◆ WHAT THE TASK REQUIRES
Set down the data below in full and exactly, minus the pictures.
::::
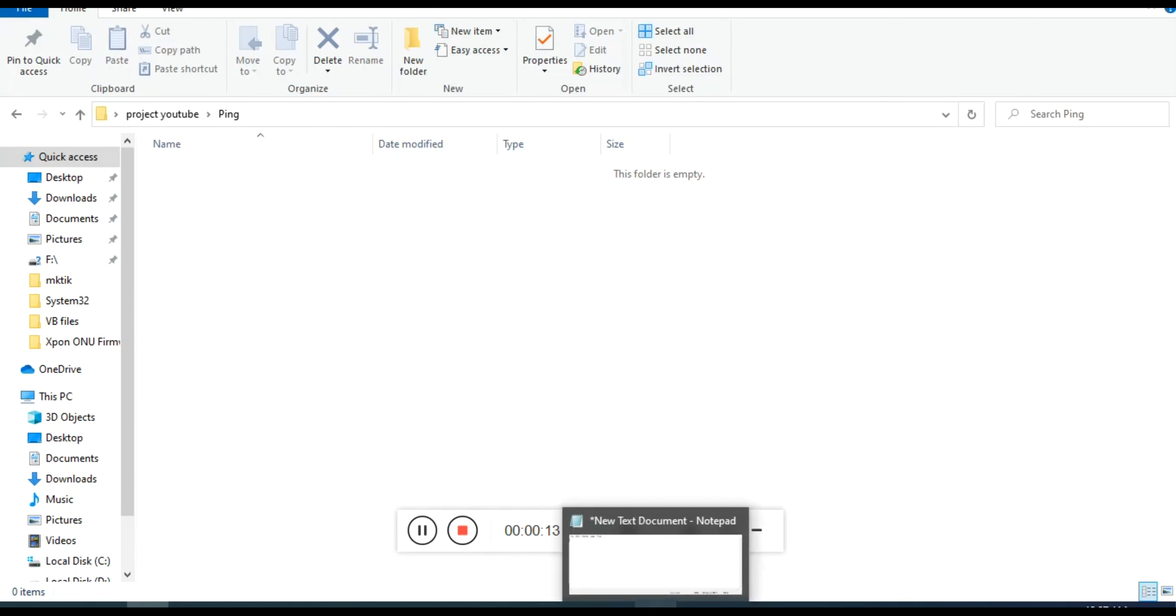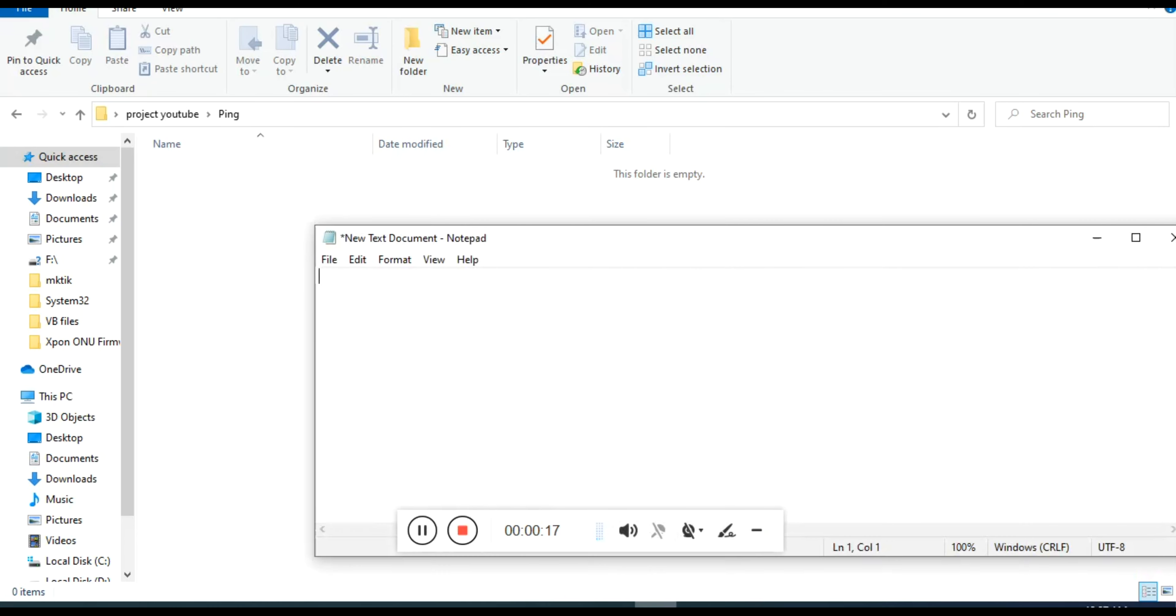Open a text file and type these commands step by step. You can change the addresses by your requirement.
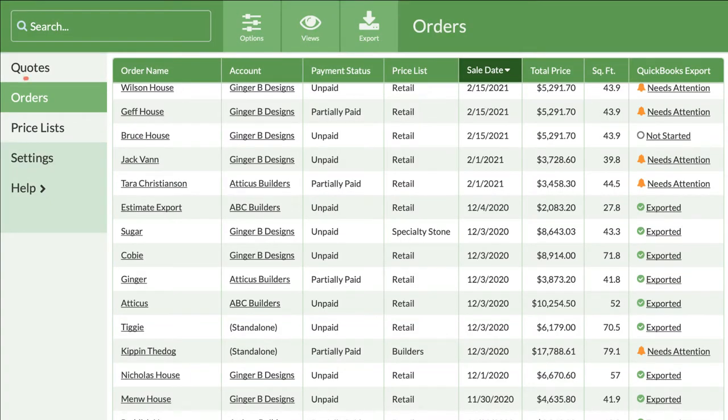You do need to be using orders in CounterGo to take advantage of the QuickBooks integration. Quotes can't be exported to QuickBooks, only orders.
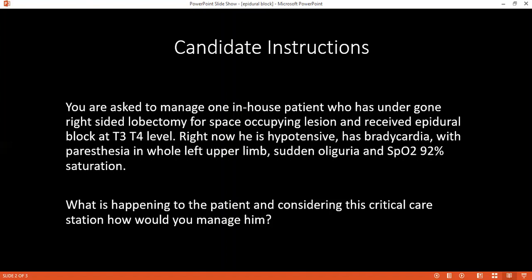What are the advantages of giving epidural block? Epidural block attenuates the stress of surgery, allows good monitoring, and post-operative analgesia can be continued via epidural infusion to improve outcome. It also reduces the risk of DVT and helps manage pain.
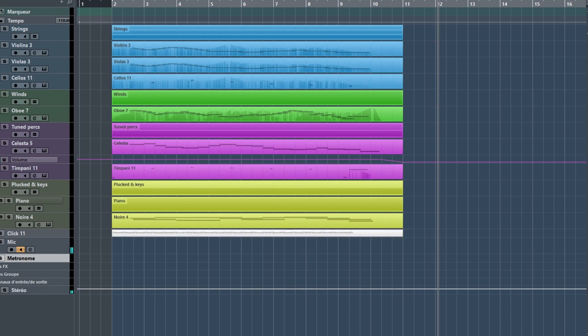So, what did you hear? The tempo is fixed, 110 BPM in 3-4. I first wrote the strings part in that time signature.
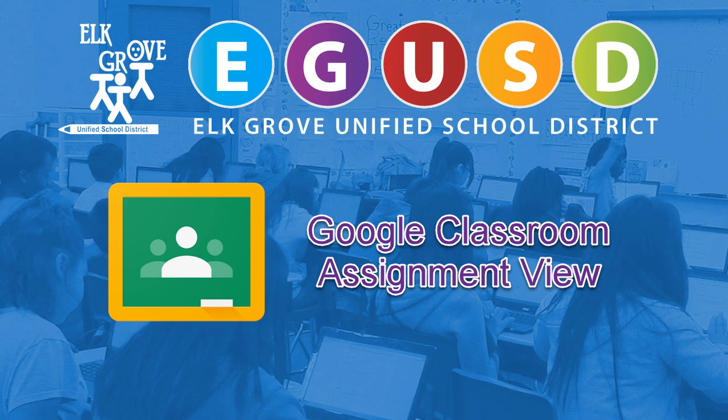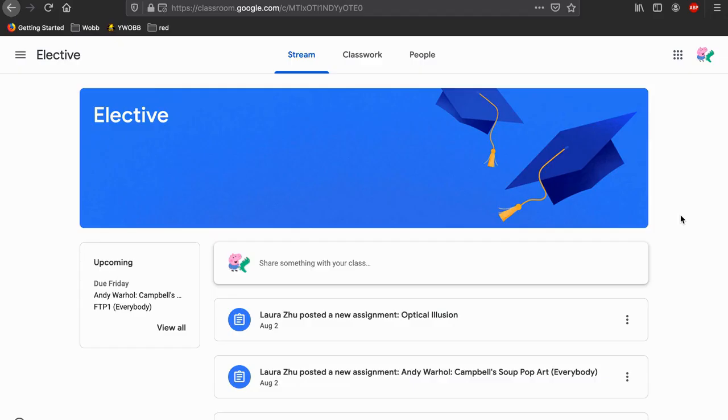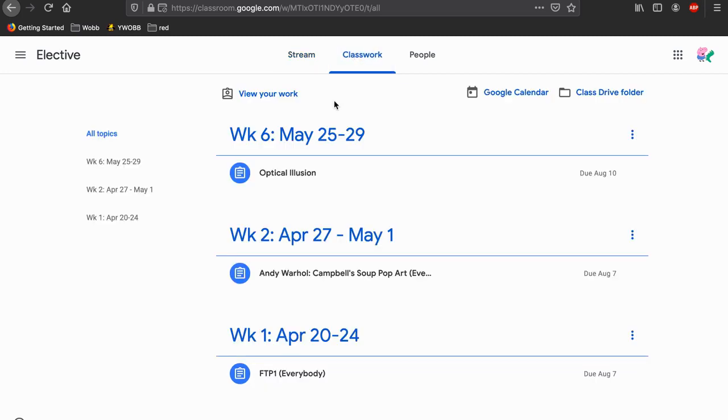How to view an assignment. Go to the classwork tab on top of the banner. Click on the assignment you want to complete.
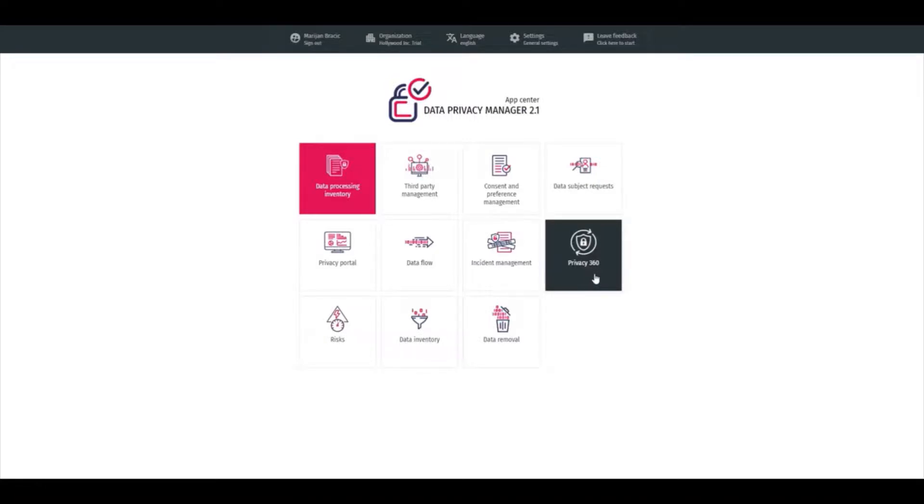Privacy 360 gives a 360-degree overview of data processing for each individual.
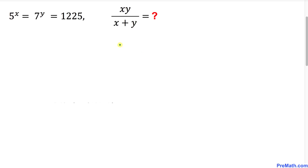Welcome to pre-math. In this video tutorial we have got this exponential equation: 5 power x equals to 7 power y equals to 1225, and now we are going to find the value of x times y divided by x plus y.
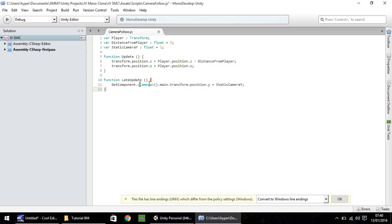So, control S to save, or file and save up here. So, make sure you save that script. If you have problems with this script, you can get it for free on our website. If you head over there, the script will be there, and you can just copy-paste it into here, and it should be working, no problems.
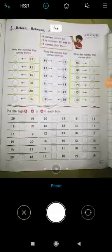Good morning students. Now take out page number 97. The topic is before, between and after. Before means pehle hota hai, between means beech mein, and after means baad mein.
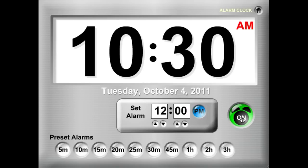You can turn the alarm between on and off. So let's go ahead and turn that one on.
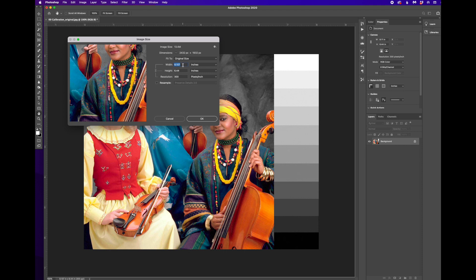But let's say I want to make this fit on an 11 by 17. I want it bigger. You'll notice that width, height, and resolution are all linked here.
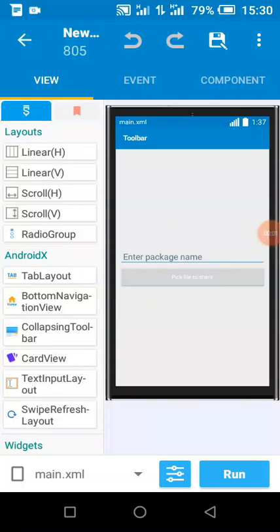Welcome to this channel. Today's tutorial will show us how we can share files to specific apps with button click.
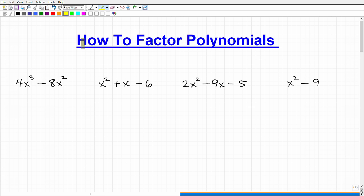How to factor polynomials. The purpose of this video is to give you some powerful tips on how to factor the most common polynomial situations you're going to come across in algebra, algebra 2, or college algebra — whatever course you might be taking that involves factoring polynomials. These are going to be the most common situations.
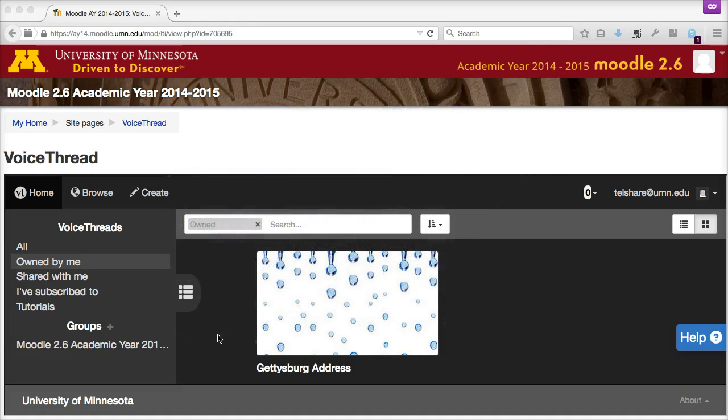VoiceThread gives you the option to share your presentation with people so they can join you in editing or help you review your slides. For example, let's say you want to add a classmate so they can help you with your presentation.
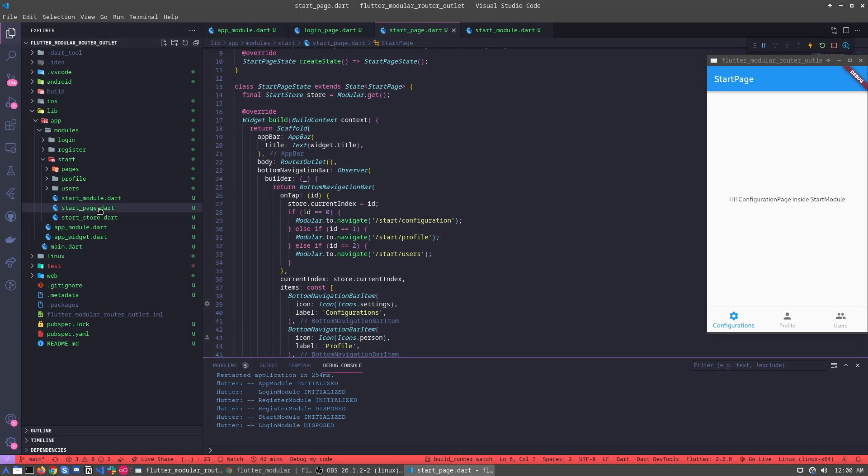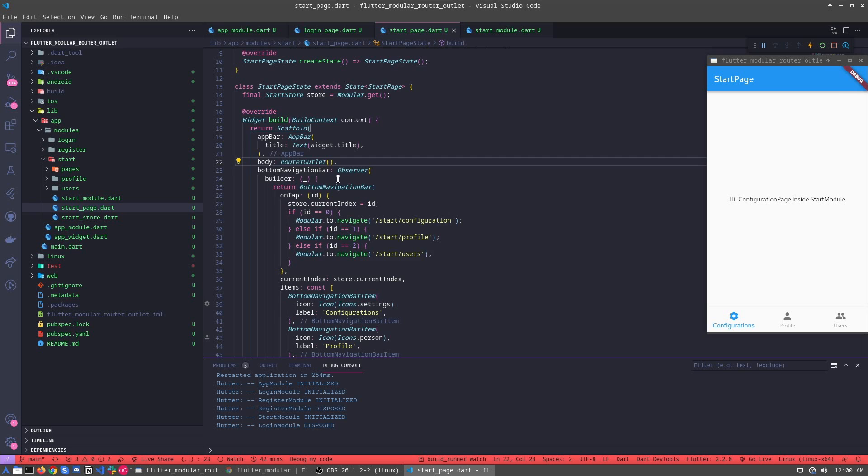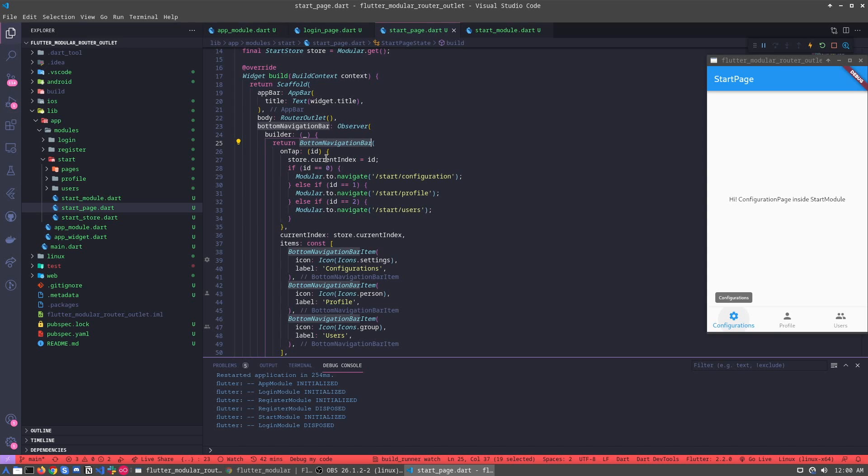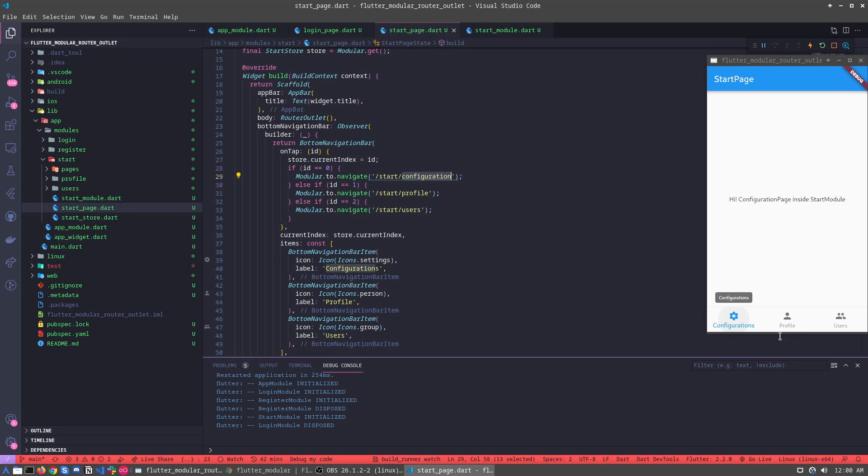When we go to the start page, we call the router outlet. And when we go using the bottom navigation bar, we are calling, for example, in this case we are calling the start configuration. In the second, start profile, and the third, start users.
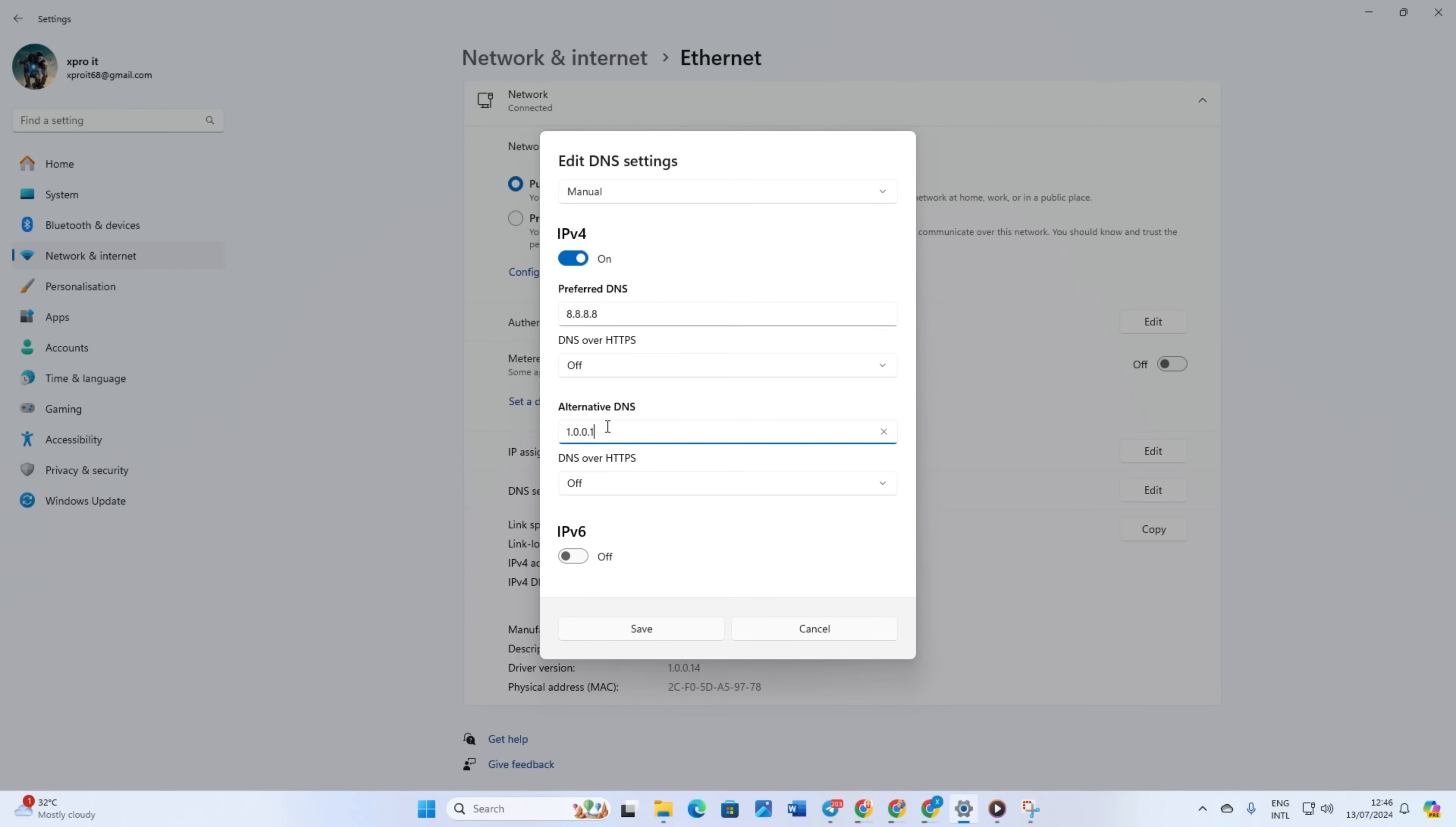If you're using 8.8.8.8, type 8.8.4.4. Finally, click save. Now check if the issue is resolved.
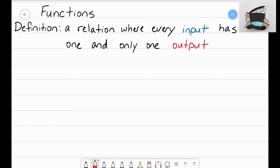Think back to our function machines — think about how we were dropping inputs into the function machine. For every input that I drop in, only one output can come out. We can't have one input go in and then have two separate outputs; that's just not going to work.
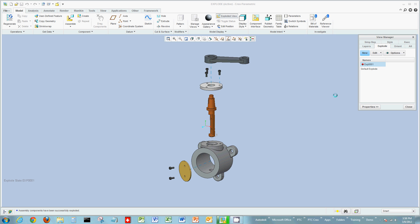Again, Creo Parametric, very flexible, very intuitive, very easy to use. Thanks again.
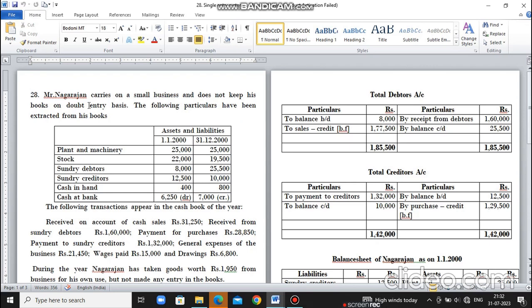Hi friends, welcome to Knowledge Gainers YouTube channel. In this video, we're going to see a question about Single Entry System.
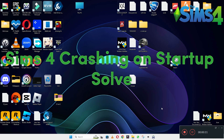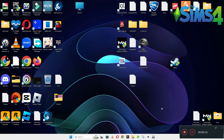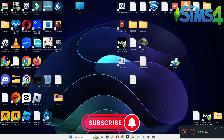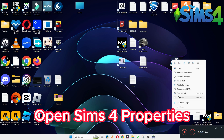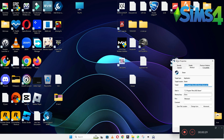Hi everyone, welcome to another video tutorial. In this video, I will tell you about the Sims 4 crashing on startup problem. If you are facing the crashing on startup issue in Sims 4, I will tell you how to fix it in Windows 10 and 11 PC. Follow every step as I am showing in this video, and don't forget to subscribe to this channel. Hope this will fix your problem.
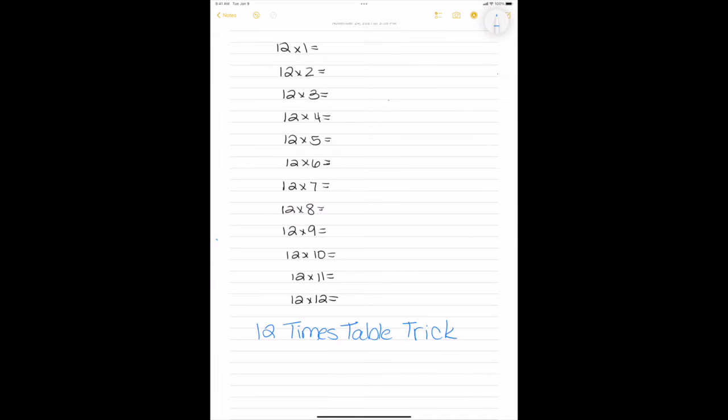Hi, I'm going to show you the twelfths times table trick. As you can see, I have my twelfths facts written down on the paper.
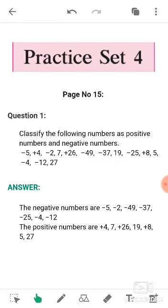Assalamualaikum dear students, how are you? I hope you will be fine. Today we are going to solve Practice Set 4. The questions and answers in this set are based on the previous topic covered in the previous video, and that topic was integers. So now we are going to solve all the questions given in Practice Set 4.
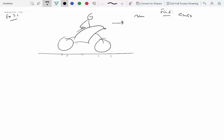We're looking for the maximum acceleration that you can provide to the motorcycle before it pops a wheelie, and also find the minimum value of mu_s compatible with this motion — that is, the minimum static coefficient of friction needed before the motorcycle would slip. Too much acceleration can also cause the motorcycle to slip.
::::
◆ EXERCISE OUTPUT
Open a text file and type these commands step by step. You can change the addresses by your requirement.
You do need to be using orders in CounterGo to take advantage of the QuickBooks integration. Quotes can't be exported to QuickBooks, only orders.
What are the advantages of giving epidural block? Epidural block attenuates the stress of surgery, allows good monitoring, and post-operative analgesia can be continued via epidural infusion to improve outcome. It also reduces the risk of DVT and helps manage pain.
So, what did you hear? The tempo is fixed, 110 BPM in 3-4. I first wrote the strings part in that time signature.
How to view an assignment. Go to the classwork tab on top of the banner. Click on the assignment you want to complete.
Privacy 360 gives a 360-degree overview of data processing for each individual.
Welcome to pre-math. In this video tutorial we have got this exponential equation: 5 power x equals to 7 power y equals to 1225, and now we are going to find the value of x times y divided by x plus y.
So, control S to save, or file and save up here. So, make sure you save that script. If you have problems with this script, you can get it for free on our website. If you head over there, the script will be there, and you can just copy-paste it into here, and it should be working, no problems.
Good morning students. Now take out page number 97. The topic is before, between and after. Before means pehle hota hai, between means beech mein, and after means baad mein.
You can turn the alarm between on and off. So let's go ahead and turn that one on.
But let's say I want to make this fit on an 11 by 17. I want it bigger. You'll notice that width, height, and resolution are all linked here.
Welcome to this channel. Today's tutorial will show us how we can share files to specific apps with button click.
How to factor polynomials. The purpose of this video is to give you some powerful tips on how to factor the most common polynomial situations you're going to come across in algebra, algebra 2, or college algebra — whatever course you might be taking that involves factoring polynomials. These are going to be the most common situations.
VoiceThread gives you the option to share your presentation with people so they can join you in editing or help you review your slides. For example, let's say you want to add a classmate so they can help you with your presentation.
When we go to the start page, we call the router outlet. And when we go using the bottom navigation bar, we are calling, for example, in this case we are calling the start configuration. In the second, start profile, and the third, start users.
If you're using 8.8.8.8, type 8.8.4.4. Finally, click save. Now check if the issue is resolved.
Think back to our function machines — think about how we were dropping inputs into the function machine. For every input that I drop in, only one output can come out. We can't have one input go in and then have two separate outputs; that's just not going to work.
Again, Creo Parametric, very flexible, very intuitive, very easy to use. Thanks again.
Hi friends, welcome to Knowledge Gainers YouTube channel. In this video, we're going to see a question about Single Entry System.
Hi everyone, welcome to another video tutorial. In this video, I will tell you about the Sims 4 crashing on startup problem. If you are facing the crashing on startup issue in Sims 4, I will tell you how to fix it in Windows 10 and 11 PC. Follow every step as I am showing in this video, and don't forget to subscribe to this channel. Hope this will fix your problem.
Hi, I'm going to show you the twelfths times table trick. As you can see, I have my twelfths facts written down on the paper.
Assalamualaikum dear students, how are you? I hope you will be fine. Today we are going to solve Practice Set 4. The questions and answers in this set are based on the previous topic covered in the previous video, and that topic was integers. So now we are going to solve all the questions given in Practice Set 4.
We're looking for the maximum acceleration that you can provide to the motorcycle before it pops a wheelie, and also find the minimum value of mu_s compatible with this motion — that is, the minimum static coefficient of friction needed before the motorcycle would slip. Too much acceleration can also cause the motorcycle to slip.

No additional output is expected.